::: DATA :::

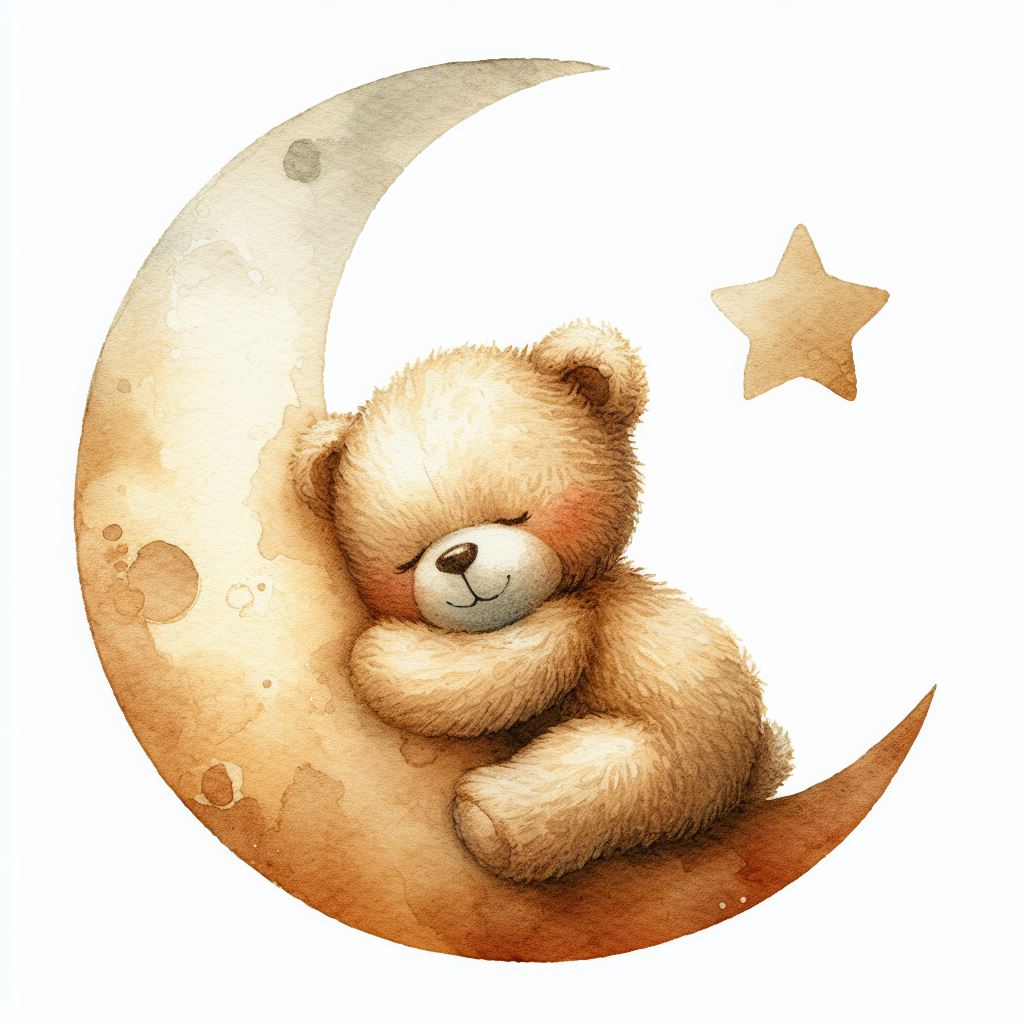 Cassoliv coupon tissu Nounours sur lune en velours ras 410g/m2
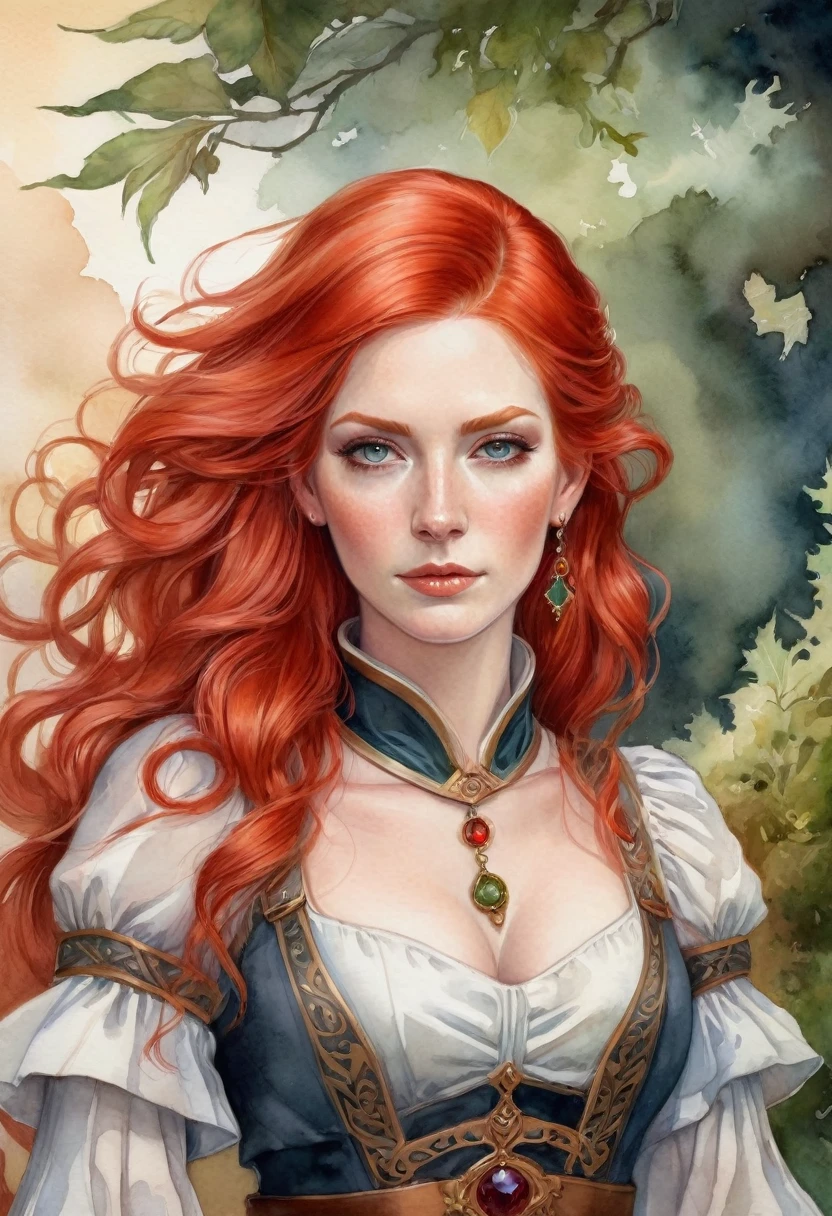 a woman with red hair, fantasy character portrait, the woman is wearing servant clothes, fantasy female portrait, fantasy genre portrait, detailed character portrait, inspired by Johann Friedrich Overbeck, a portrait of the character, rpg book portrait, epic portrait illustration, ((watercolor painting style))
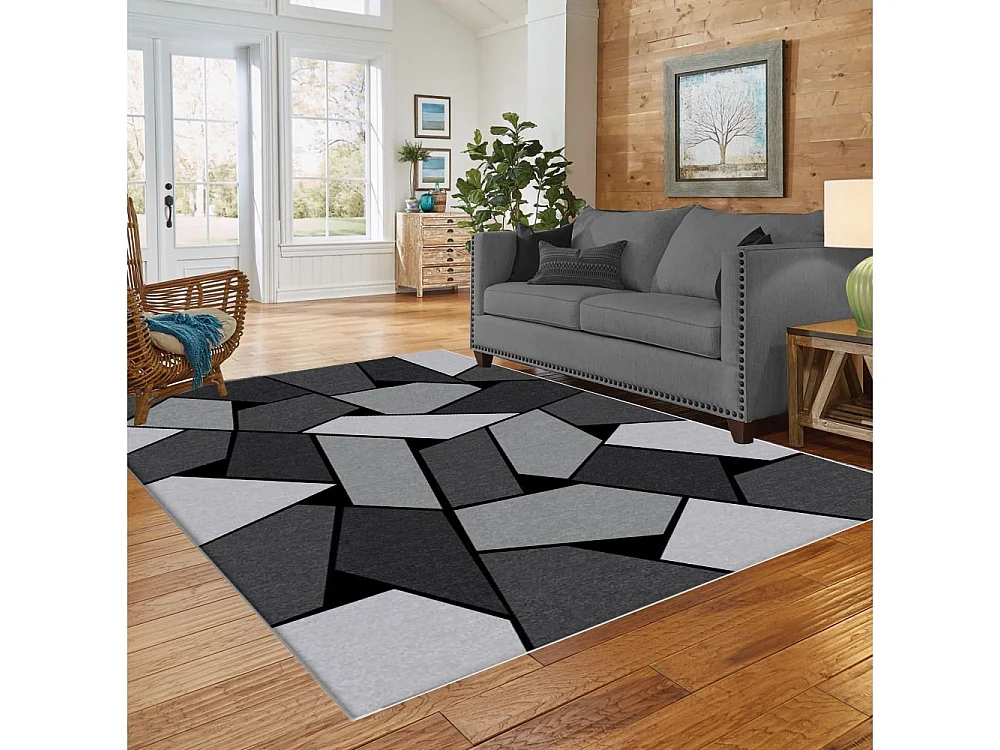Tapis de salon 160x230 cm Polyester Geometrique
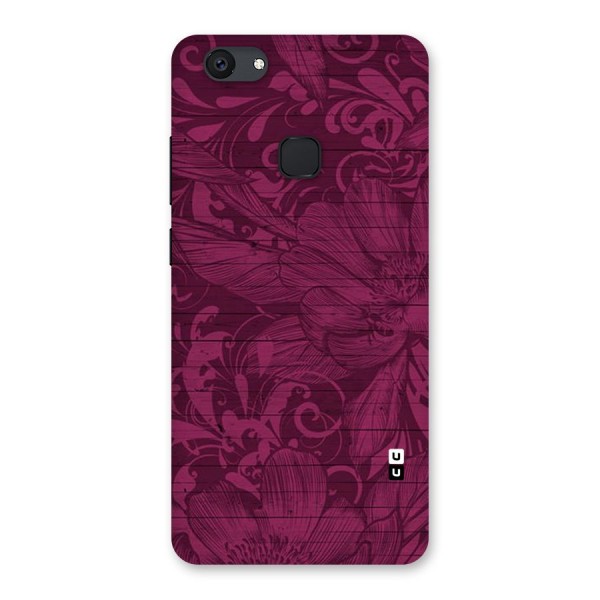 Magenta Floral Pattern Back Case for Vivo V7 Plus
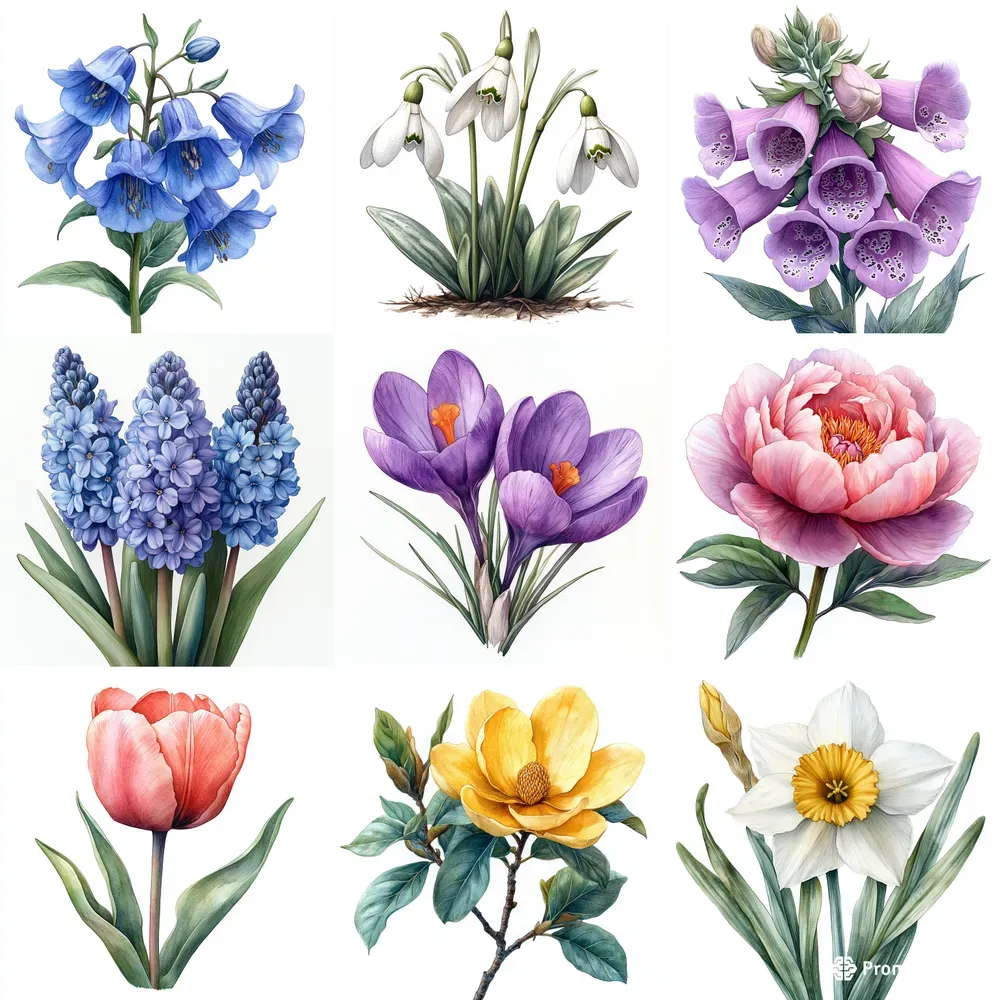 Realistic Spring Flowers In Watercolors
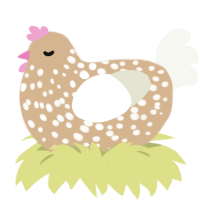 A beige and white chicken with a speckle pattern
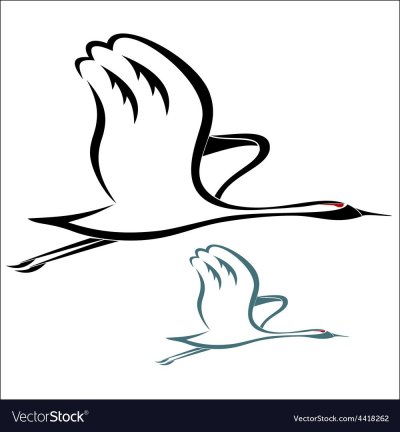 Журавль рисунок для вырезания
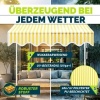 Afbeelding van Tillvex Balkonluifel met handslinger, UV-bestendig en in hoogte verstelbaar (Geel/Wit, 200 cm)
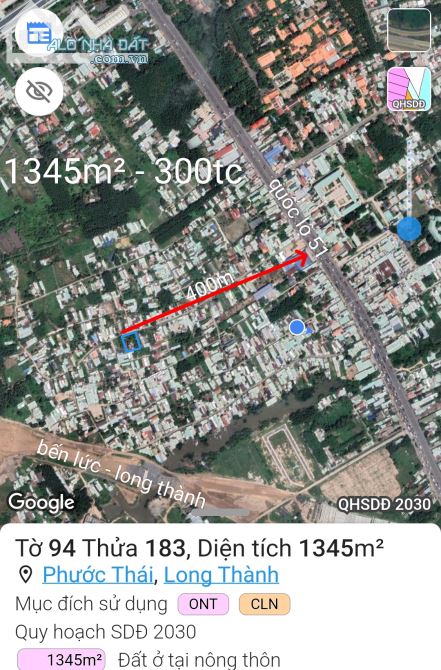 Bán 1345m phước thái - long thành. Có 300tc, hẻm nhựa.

:::

→ **TASK DETAILS**:
Repeat exactly the lines from the one holding "Realistic Spring Flowers In Watercolors" through the last line of the entries, both included; the pictures do not belong in the copy.

→ **RESPONSE**:
 Realistic Spring Flowers In Watercolors
 A beige and white chicken with a speckle pattern
 Журавль рисунок для вырезания
 Afbeelding van Tillvex Balkonluifel met handslinger, UV-bestendig en in hoogte verstelbaar (Geel/Wit, 200 cm)
 Bán 1345m phước thái - long thành. Có 300tc, hẻm nhựa.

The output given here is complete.